Top of Material for this exercise
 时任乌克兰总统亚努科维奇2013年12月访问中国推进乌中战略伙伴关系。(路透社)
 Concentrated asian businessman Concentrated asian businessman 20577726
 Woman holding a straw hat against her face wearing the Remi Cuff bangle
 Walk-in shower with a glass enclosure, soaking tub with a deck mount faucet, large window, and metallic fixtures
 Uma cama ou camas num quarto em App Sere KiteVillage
Bottom of Material for this exercise
Top of Material for this exercise
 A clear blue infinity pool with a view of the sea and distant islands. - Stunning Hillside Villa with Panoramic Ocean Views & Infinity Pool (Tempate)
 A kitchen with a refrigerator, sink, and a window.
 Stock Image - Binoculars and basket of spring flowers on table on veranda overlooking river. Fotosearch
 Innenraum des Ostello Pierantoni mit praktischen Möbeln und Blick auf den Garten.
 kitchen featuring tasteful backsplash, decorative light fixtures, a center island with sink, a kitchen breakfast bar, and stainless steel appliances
Bottom of Material for this exercise
The task.
Once you reach the line with "Concentrated asian businessman Concentrated" in the data above, copy it and every line after it exactly, up to and including the line with "Uma cama ou".

Written response.
 Concentrated asian businessman Concentrated asian businessman 20577726
 Woman holding a straw hat against her face wearing the Remi Cuff bangle
 Walk-in shower with a glass enclosure, soaking tub with a deck mount faucet, large window, and metallic fixtures
 Uma cama ou camas num quarto em App Sere KiteVillage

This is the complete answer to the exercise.